Confidentiality, Settlement Privilege and Mediation Agreements

Union Carbide Canada Inc. v Bombardier Inc., 2014 SCC 35

Most mediation agreements contain some form of confidentiality terms. The usual language provides clauses that have the effect of establishing that:

  1. The mediation proceedings and all documents exchanged for the mediation are confidential;
  2. No party will introduce into evidence any of the discussions, admissions or communications made during the mediation; and
  3. The mediator is not compellable as a witness.

But what happens if there is a disagreement over the scope of a settlement reached at mediation? The Supreme Court of Canada recently dealt with that issue in the Union Carbide decision. The court held that absent a clear intention to the contrary, typical confidentiality clauses in a mediation agreement do not displace a common law exception to settlement privilege. That exception allows parties to use those privileged documents and communications to prove either the existence or scope of a settlement.

Settlement privilege is a form of privilege that has arisen to address the importance of out-of-court settlements. Communications made for the purpose of settlement are privileged. The privilege applies regardless of whether a settlement is actually reached. The idea is that settlement privilege fosters more open and frank settlement discussions. Often such communications may use a “without prejudice” label, but that label is neither necessary nor sufficient for the privilege to attach.

In Union Carbide, the parties conducted a mediation subject to a mediation agreement with standard confidentiality terms. At the mediation a settlement offer was made that was kept open for thirty days. It was eventually accepted.
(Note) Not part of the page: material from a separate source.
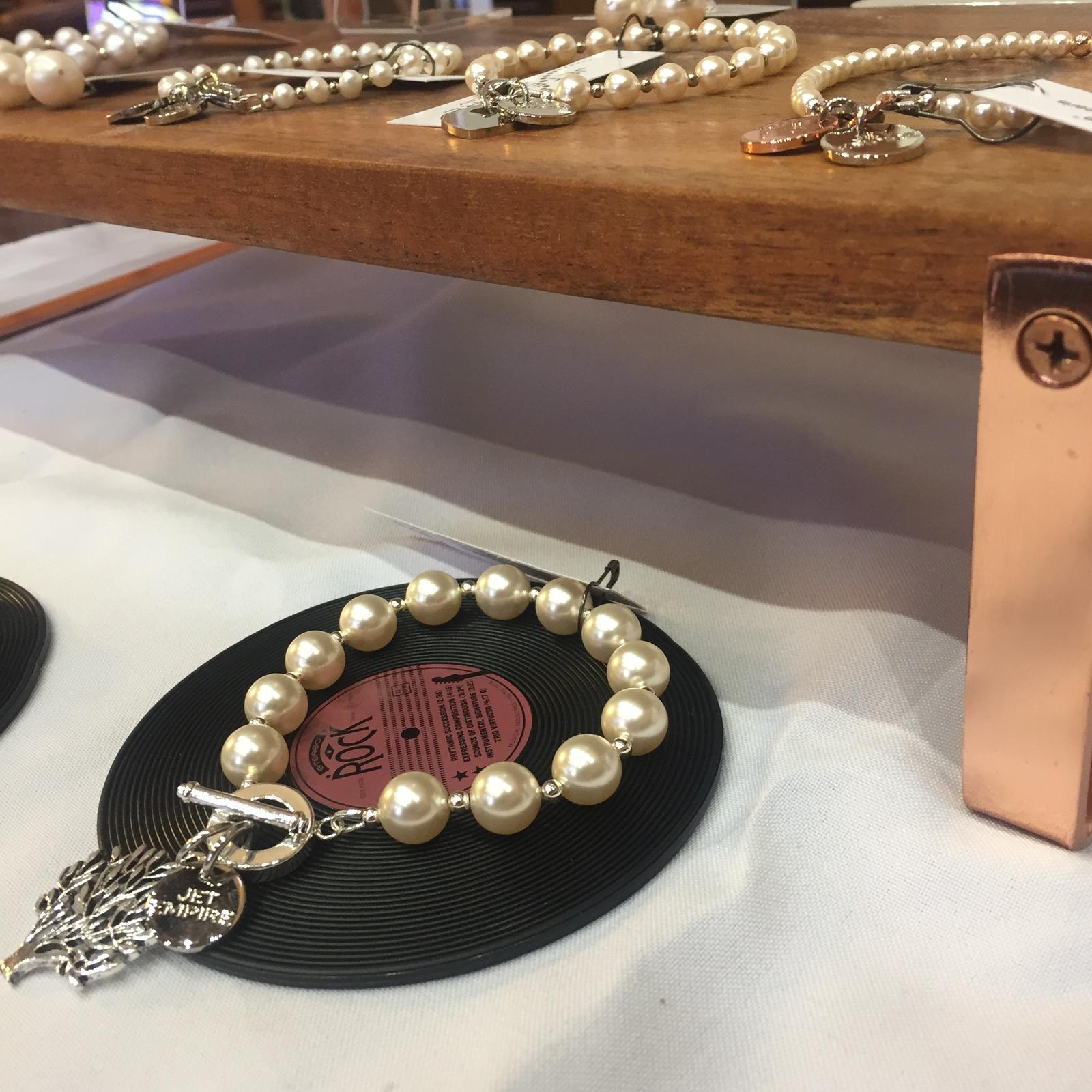 Jewellery inspired by Music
After acceptance of the settlement a dispute arose over what was actually agreed upon.

In determining whether the parties were at liberty to introduce documents and evidence from the mediation, the court found that:

  • parties can contract out of the common law exception to settlement privilege and stipulate that documents and communications exchanged at mediation cannot be used, even to prove the scope of a settlement;
  • the standard confidentiality terms in a mediation agreement are likely not sufficient to achieve this result; and
  • to displace this common law exception to settlement privilege, the parties must be clear in their intention to do so.

In Union Carbide, the Supreme Court found that the parties did not intend broader protection to their settlement discussions than that afforded by common law settlement privilege. The parties were at liberty to provide evidence of communications made at the mediation insofar as was necessary to establish the scope of their settlement.

The standard terms of a mediation agreement are often overlooked. Consideration should be given to the confidentiality terms that are agreed upon as they affect the rights of the parties. Settlement privilege coupled with contractual confidentiality is often sufficient protection to promote the interests of mediation and settlement.

However, parties should be on the lookout for more stringent terms that could preclude introducing mediation communications to prove the existence or scope
of a settlement.

If some reason exists for wanting a higher level of protection, the mediation agreement needs to be appropriately drafted to ensure that intention is clearly expressed. Of course, the majority of such disputes can be avoided if the terms of any settlement are clearly reduced to writing at mediation.